* Task description
Please return the data that follows precisely as written, but without the images.

* Data extract
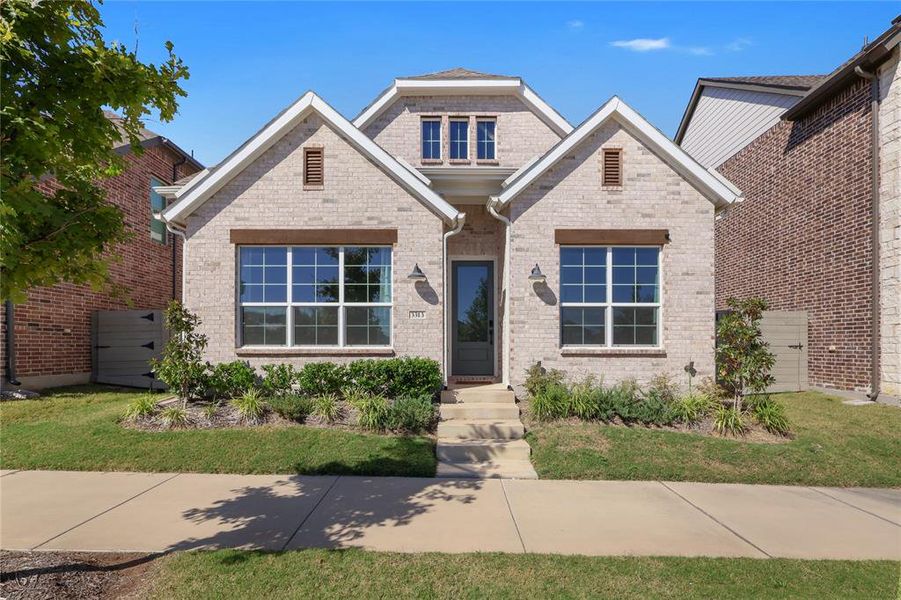 Front exterior of a new home in , Sachse, TX, highlighting curb appeal (Image 1). Front exterior of a new home in , Sachse, TX, highlighting curb appeal (Image 1).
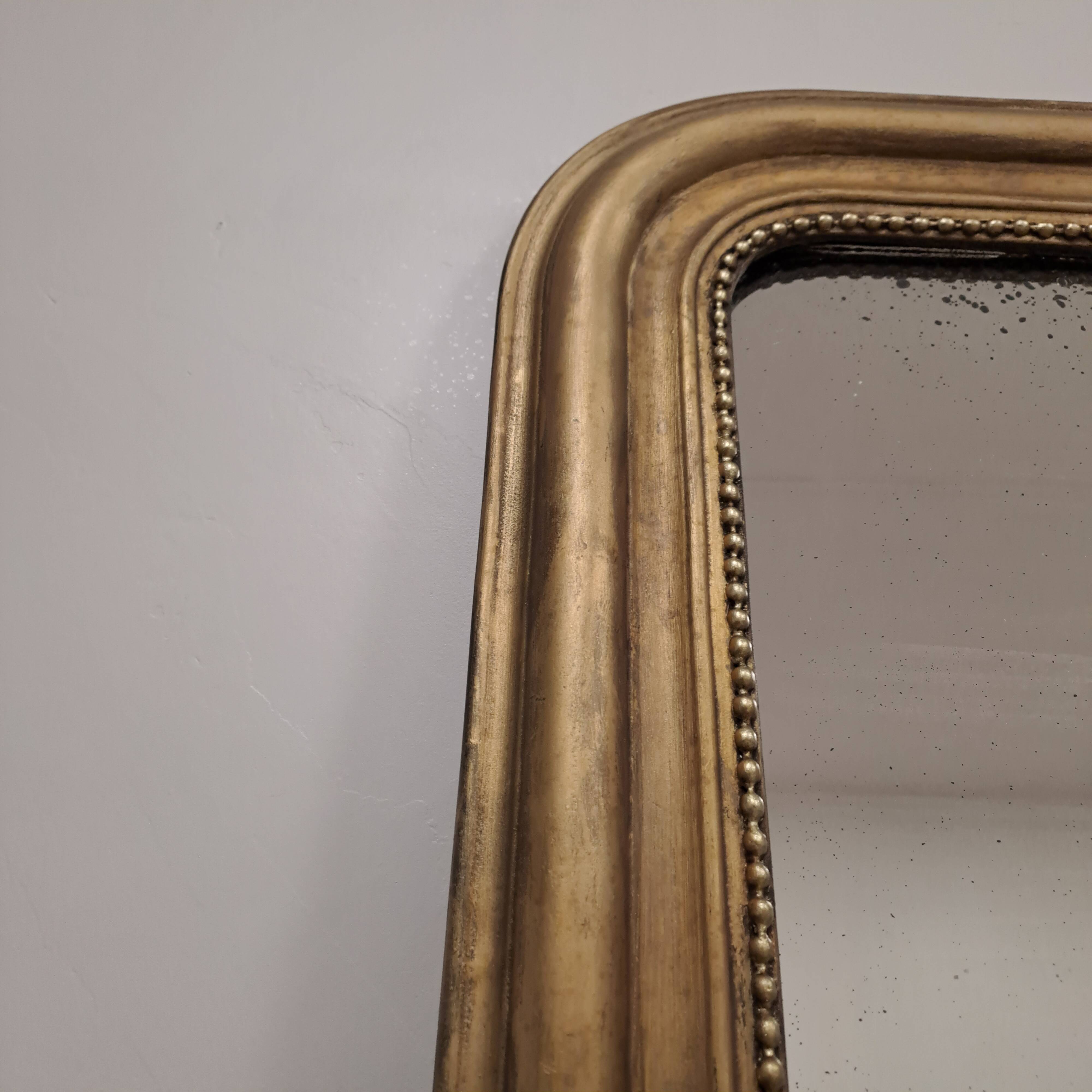 Large antique Louis Philippe gilded mirror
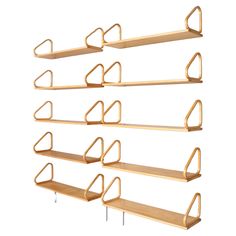 four wooden shelves with hooks on each side and one hanging from the wall, all in different shapes and sizes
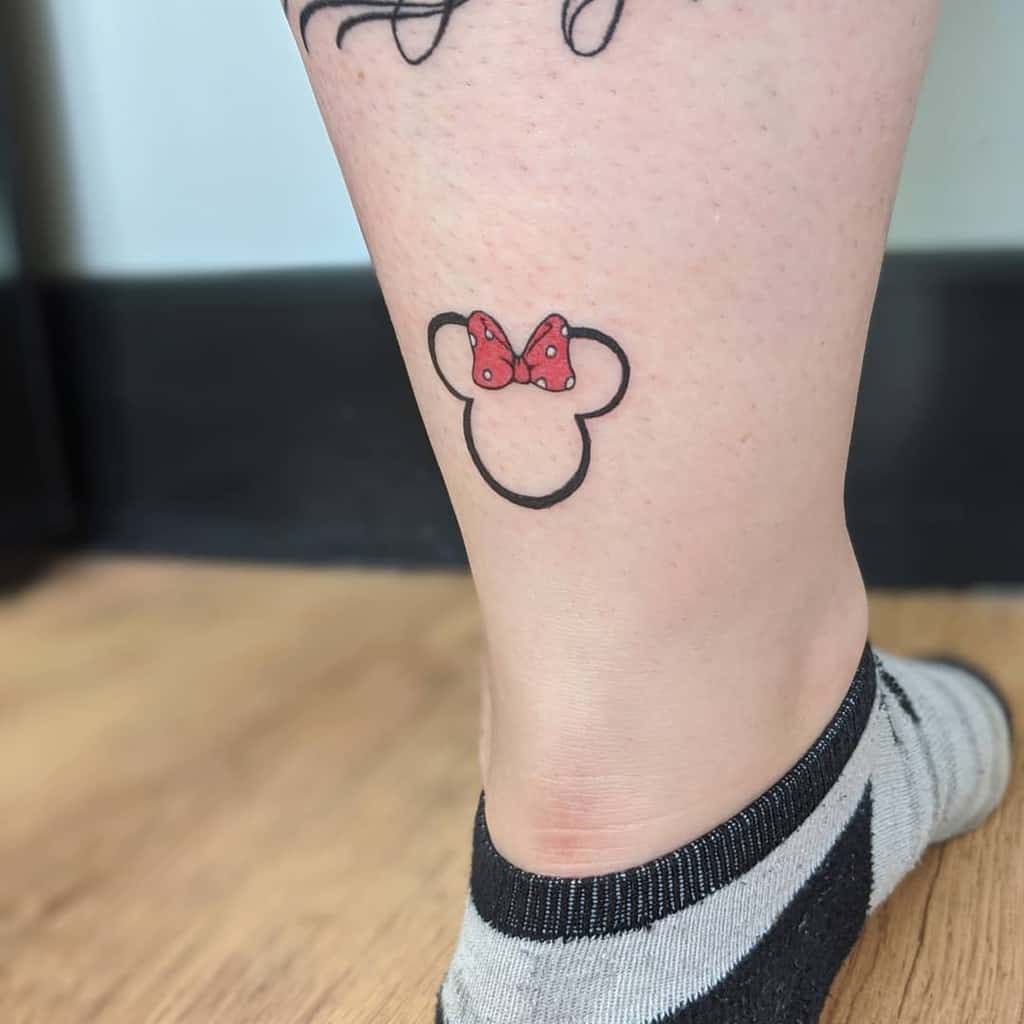 A minimalist tattoo of Minnie Mouse's ears outlined with a red polka dot bow, delicately placed on the ankle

* Solved problem
 Front exterior of a new home in , Sachse, TX, highlighting curb appeal (Image 1). Front exterior of a new home in , Sachse, TX, highlighting curb appeal (Image 1).
 Large antique Louis Philippe gilded mirror
 four wooden shelves with hooks on each side and one hanging from the wall, all in different shapes and sizes
 A minimalist tattoo of Minnie Mouse's ears outlined with a red polka dot bow, delicately placed on the ankle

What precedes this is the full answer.